With no strong data to support that the platform helps drive tune-in, why should networks dedicate time and resources to Pinterest? With 48.7 million users, Pinterest is quickly becoming one of the most popular ways to engage consumers. A Pinterest board full of interesting and relevant content can be extremely influential in engaging a brand’s target audience when strategically executed.

Like many, Lifetime was unsure of increasing their time commitment in the Pinterest space. However, looking at the similarities between the Lifetime viewer and the Pinterest user, it became apparent that focusing on the platform could be a great benefit to the TV network in terms of forming stronger connections with their target audience.

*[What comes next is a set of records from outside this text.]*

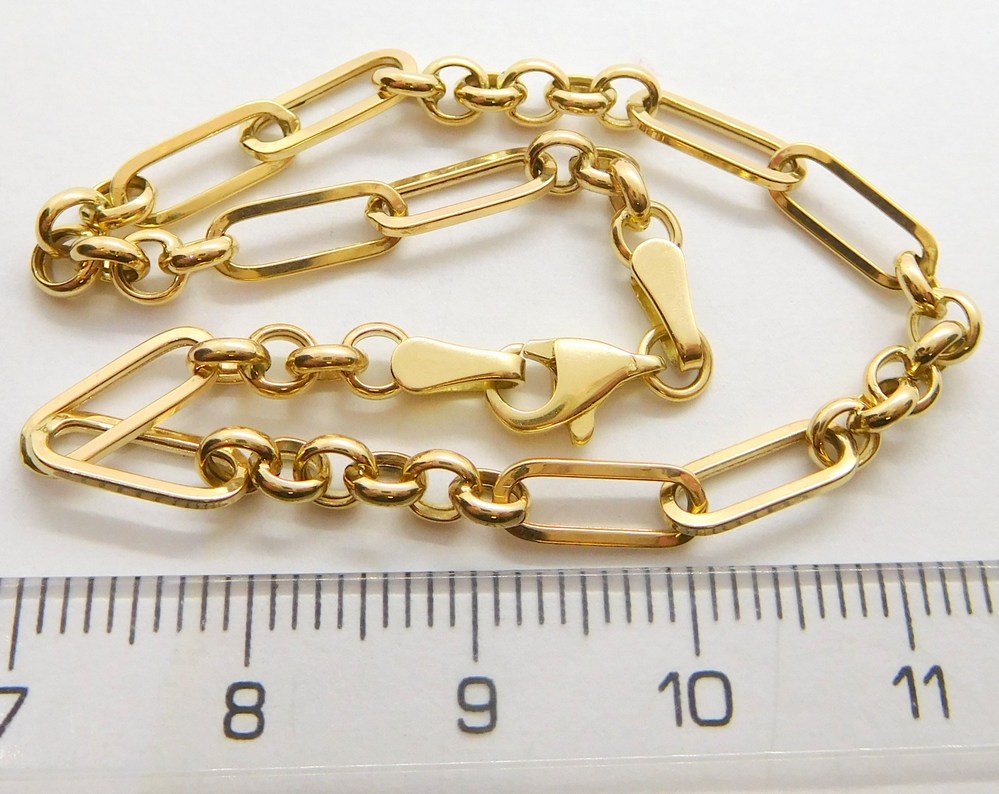 Klenoty Budín Dámský zlatý mohutný náramek ze žlutého zlata 585/2,14gr 18+3cm HK7076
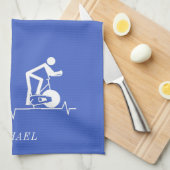 室内スピニングサイクルハートビーパーソナライズされたト キッチンタオル (四つ折り)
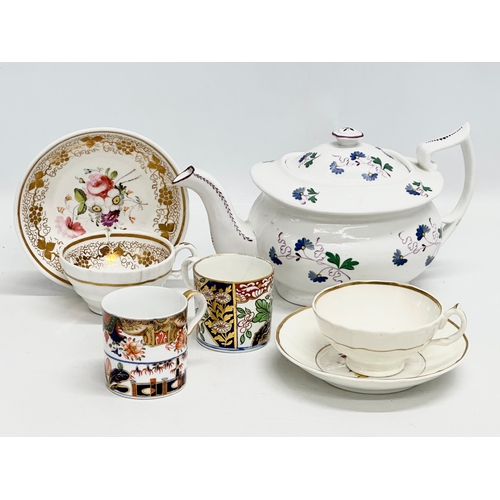 420 - A collection of Early and Mid 19th Century English porcelain tea and coffee ware. Crown Derby coffee... 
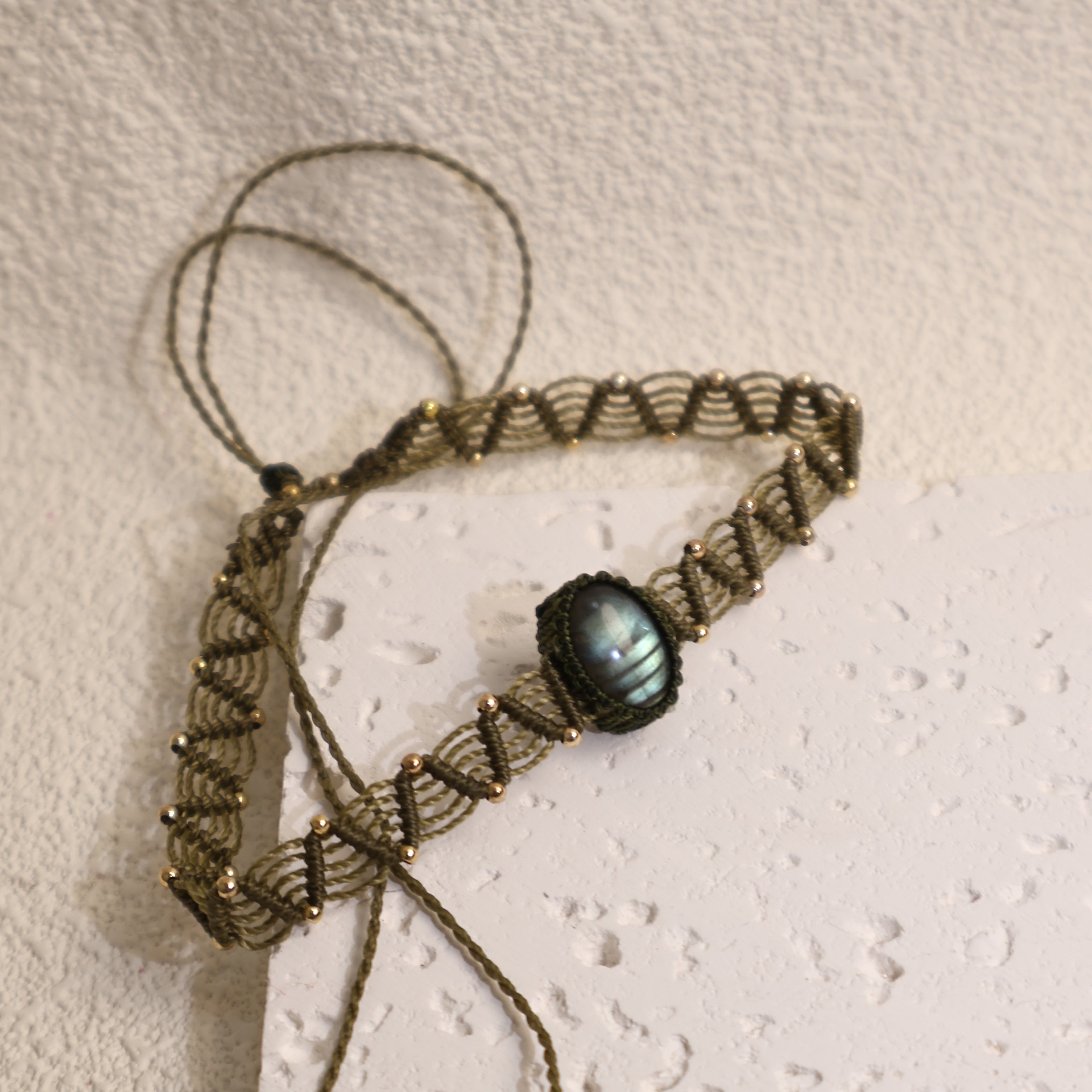 Natural Spectrolite  Woven Necklace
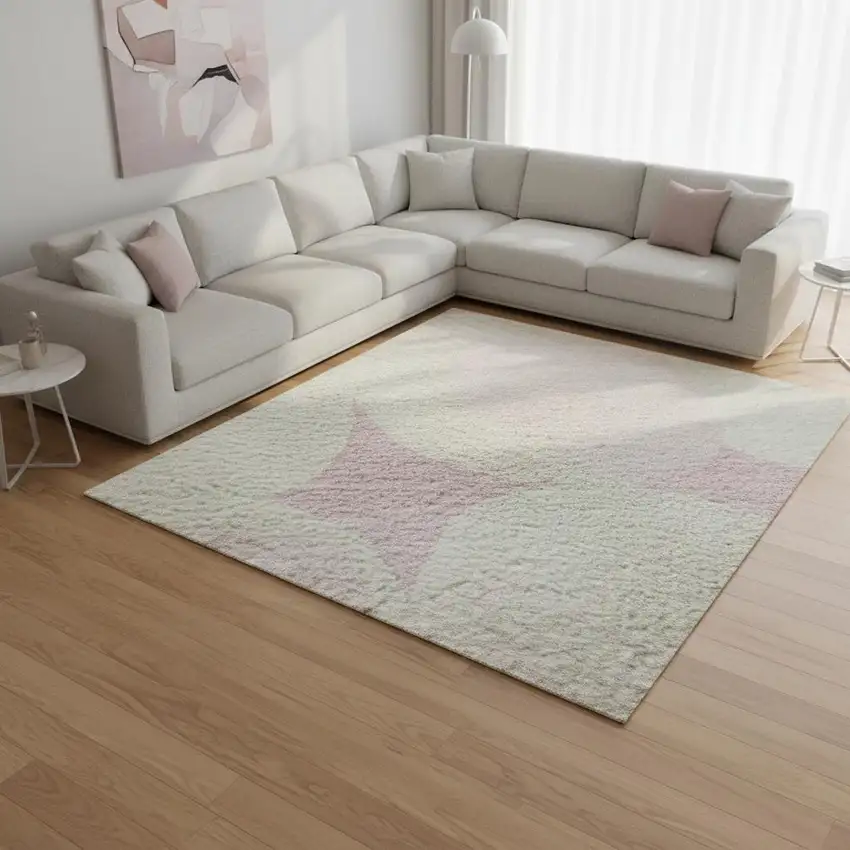 Pink And Ivory Abstract Geometric Washable Area Rug With UV Protection Photo 2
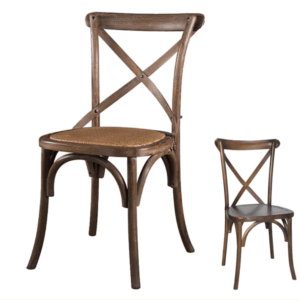 Rustic cross-back dining chairs for rent in Orlando.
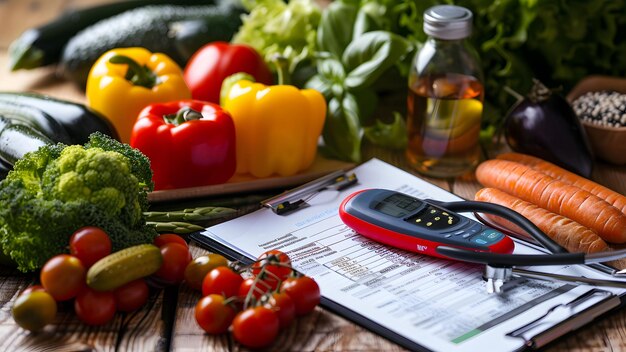 Verscheidenheid aan verse groenten Glucose meter en stethoscoop op een houten tafel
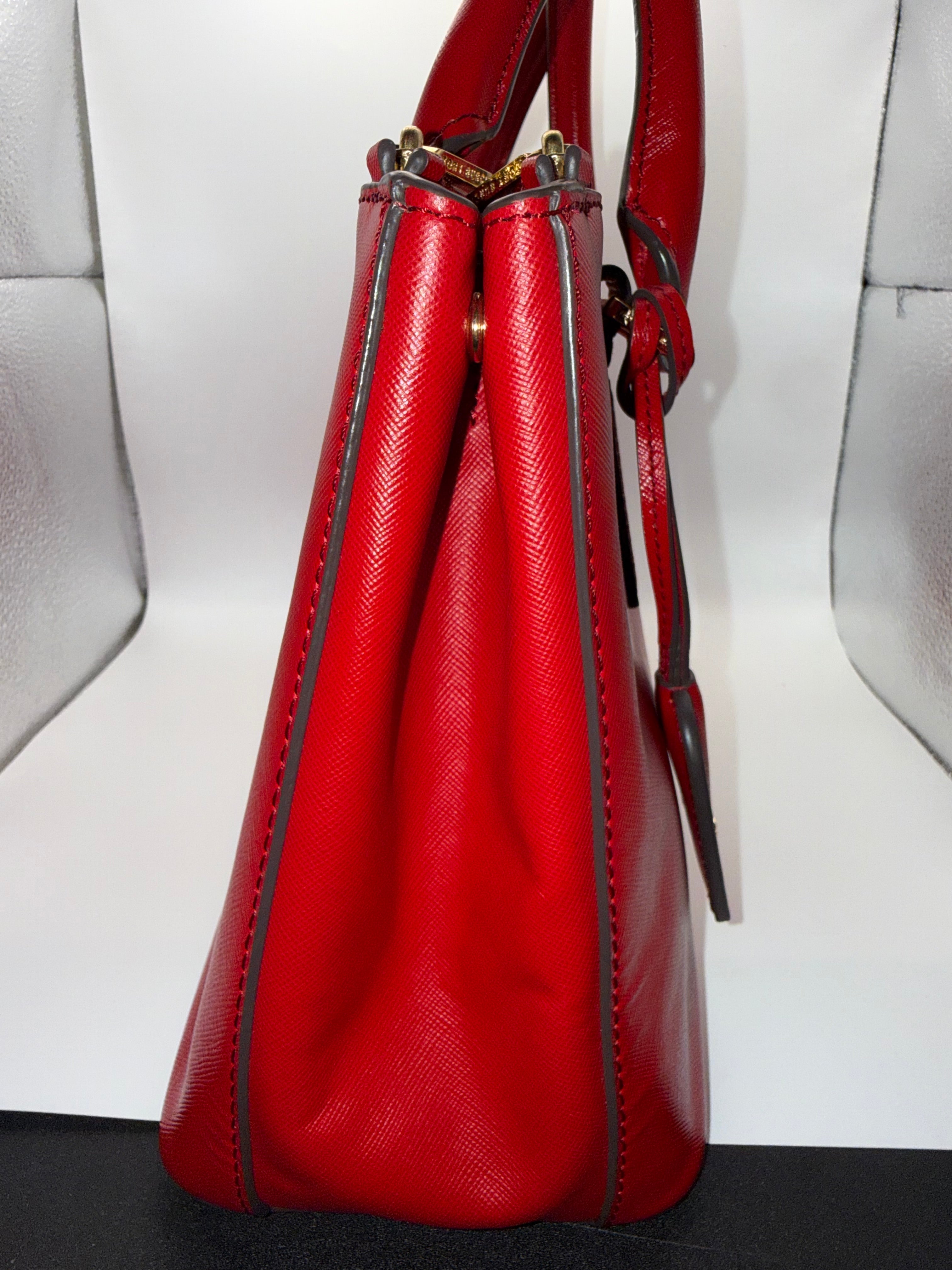 Tory Burch Robinson Double-Zip Tote | Red Saffiano Leather | Medium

Lifetime viewers are 78 percent women, compared to 80 percent on the Pinterest platform. Fans of both also share an interest in music, fashion, and travel. From a brand perspective, Lifetime is working to shake off old-school views of the network, with a lot of younger women probably thinking, “Lifetime isn’t me.” What better way to discover new Lifetime programming than through carefully curated boards in topics that interest their target viewer with branded posts interspersed throughout? Pinners can see Lifetime pins and choose to repin them onto their own pages, an action by itself that makes the statement, “This is me.”

Pinterest.com/lifetimetv

Pinterest.com/lifetimetv

Aside from a brand play like Lifetime’s, TV Land just published a case study with Pinterest showing that using Promoted Pins and real-time optimization helped their show “Younger” achieve record-breaking ratings and season two pick up.

Pinterest.com/youngertv

Pinterest.com/youngertv

Pinterest helps brands build stories and experiences that speak to their audience members, building up a portfolio that defines the brand. TV networks’ investment in the platform can help extend the stories of their programs and most-loved characters, helping people continue to connect with their favorites. More importantly, it can help consumers discover new programs from places they might least expect.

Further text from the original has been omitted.